Caminamos una eternidad una noche, volviendo a nuestra casa, perdidos y desconcertados, cuando los trenes se pararon a las dos y nos abandonaron en un punto indeterminado. Pero siempre salimos airosos, y contigo siempre veo todo positivo, y eso sirvió para que se me grabase una imagen mágica, cuando ya estábamos en nuestro barrio, subiendo la cuesta que daba a nuestra calle y miré hacía la derecha a través de un callejón y vi la cúpula enorme del Panteón, donde están enterrados todos esos hombres grandes de Francia, justo al lado de casa, y pensaba como un barrio puede albergar casas tan humildes como la nuestra y construcciones con tanta historia y grandeza como esa.
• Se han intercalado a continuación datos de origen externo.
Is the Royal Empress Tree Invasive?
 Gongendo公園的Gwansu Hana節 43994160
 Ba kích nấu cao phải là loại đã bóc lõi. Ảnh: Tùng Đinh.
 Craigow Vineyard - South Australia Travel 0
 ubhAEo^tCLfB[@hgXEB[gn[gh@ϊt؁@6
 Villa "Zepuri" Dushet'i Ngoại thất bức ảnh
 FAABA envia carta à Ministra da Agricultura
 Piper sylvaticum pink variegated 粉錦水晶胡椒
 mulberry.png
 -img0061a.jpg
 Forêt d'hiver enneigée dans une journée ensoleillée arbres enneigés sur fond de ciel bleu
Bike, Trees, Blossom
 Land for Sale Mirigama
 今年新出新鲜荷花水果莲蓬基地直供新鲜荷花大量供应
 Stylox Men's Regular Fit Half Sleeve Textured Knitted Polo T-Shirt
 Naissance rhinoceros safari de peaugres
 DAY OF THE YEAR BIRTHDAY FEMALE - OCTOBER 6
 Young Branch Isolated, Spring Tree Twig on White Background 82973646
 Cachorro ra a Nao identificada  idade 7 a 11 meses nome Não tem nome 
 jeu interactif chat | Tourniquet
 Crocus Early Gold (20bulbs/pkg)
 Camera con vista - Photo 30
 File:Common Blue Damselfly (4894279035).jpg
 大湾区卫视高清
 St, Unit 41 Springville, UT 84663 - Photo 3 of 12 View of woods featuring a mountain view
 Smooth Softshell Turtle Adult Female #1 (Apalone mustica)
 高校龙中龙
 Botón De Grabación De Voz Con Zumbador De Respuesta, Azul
Recuerdo ver París desde la Torre Eiffel, y el vértigo que sentía cuando miraba hacia arriba, y la gracia que a ti te hacía que alguien sienta vértigo mirando arriba y no abajo, y nos abrazamos y nos besamos, y caminamos, caminamos y caminamos. Ese día comimos en un pequeñísimo restaurante francés, con sus manteles de cuadros rojos y blancos, su suelo, paredes y vigas del techo de madera, como las de nuestra casa, y aún saboreo aquella tarta de limón casera y veo al camarero agachado hablándonos en inglés con ese acento francés.
Montmartre fue mi lugar preferido de París, pero antes tenía miedo porque dos años antes estaba lleno de carteristas, pero siempre se nos ponía todo de cara, y después de subir al Sacre-Coeur, recorrimos sus callecitas, empinadas y empedradas, con cientos de artistas en aquella plaza, donde te abordaban para hacerte una caricatura, y recuerdo esos callejones donde no había nadie, a solo unos metros del bullicio de turistas, y como descubríamos en cada rincón pequeños parques centenarios, la tumba de Saint Dennis, escaleras de piedra que nos hacían callejear sin remedio y cientos de maravillas.
El cementerio con Oscar Wilde y los besos de pintalabios marcados en su cristalera, Jim Morrison, con sus admiradores, sus flores y sus botellas de Whiskey, el Moulin Rouge, ya sin ese alma que tuvo cuando artistas y prostitutas se mezclaban en la locura de finales del siglo XIX, y pienso que ya no quedan artistas, solo prostitutas, pero permanece París, porque es verdad que París no se acaba nunca, y nos acogió, nos dio la felicidad, nos mostró su belleza, nos inspiró. Todo eso ya se acabó para nosotros, hasta que volvamos a visitarlo, y será muy bonito otra vez, pero nunca será igual, y pienso en todo aquello mientras escribo esto y me pregunto si dentro de muchos años lo recordaré tan bien como lo recuerdo ahora, y si recordaré tu cara irradiando felicidad y haciéndome feliz a mi, y si después de que nosotros desaparezcamos, alguien sentirá lo mismo que nosotros mientras recorre esas calles, y después de ellos vendrán otros, pero nosotros ya formaremos parte de la historia, porque esa fue nuestra ciudad y porque esos días serán para siempre.